● Exercise prompt
Find the string "Apartment" in the records. Copy every line it appears in.

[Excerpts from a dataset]
============

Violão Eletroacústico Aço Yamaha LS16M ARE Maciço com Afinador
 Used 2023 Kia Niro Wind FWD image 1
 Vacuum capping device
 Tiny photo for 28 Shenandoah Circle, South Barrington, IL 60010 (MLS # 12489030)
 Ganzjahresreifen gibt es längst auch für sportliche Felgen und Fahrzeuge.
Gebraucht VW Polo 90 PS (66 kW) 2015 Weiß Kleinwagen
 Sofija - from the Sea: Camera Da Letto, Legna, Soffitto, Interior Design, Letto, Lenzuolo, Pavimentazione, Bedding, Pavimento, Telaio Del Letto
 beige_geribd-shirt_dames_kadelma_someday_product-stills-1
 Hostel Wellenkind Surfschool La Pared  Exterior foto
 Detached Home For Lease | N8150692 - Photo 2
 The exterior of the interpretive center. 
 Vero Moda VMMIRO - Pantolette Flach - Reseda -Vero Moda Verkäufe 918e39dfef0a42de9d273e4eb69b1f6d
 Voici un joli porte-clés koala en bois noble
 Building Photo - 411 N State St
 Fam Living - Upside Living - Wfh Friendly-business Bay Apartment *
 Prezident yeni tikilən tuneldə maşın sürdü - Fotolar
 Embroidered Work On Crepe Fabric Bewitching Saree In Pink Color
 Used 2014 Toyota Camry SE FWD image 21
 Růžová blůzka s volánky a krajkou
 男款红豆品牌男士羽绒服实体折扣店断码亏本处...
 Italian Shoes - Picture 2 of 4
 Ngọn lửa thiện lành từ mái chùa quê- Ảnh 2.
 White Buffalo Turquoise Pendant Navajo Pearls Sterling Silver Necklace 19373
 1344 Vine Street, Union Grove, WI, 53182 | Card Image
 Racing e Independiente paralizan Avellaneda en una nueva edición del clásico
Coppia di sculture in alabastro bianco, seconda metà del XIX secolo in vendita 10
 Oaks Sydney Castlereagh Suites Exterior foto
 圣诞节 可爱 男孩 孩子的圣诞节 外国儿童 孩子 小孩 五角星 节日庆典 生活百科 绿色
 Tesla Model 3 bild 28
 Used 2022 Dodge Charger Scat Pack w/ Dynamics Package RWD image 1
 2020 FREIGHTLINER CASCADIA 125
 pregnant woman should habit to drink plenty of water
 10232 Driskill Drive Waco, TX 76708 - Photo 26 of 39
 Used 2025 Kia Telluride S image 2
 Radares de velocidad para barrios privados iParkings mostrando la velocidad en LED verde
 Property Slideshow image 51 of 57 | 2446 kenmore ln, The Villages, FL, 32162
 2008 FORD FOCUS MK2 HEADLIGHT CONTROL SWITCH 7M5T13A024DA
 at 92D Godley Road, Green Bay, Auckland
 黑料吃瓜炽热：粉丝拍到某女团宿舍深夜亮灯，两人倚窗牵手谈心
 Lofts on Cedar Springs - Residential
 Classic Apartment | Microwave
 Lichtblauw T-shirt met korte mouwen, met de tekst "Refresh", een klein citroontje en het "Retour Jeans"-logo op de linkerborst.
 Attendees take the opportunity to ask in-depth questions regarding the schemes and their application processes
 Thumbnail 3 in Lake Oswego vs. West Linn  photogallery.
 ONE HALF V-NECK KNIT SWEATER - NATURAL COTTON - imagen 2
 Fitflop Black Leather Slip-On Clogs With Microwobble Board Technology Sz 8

============

● Result of the task
 Fam Living - Upside Living - Wfh Friendly-business Bay Apartment *
 Classic Apartment | Microwave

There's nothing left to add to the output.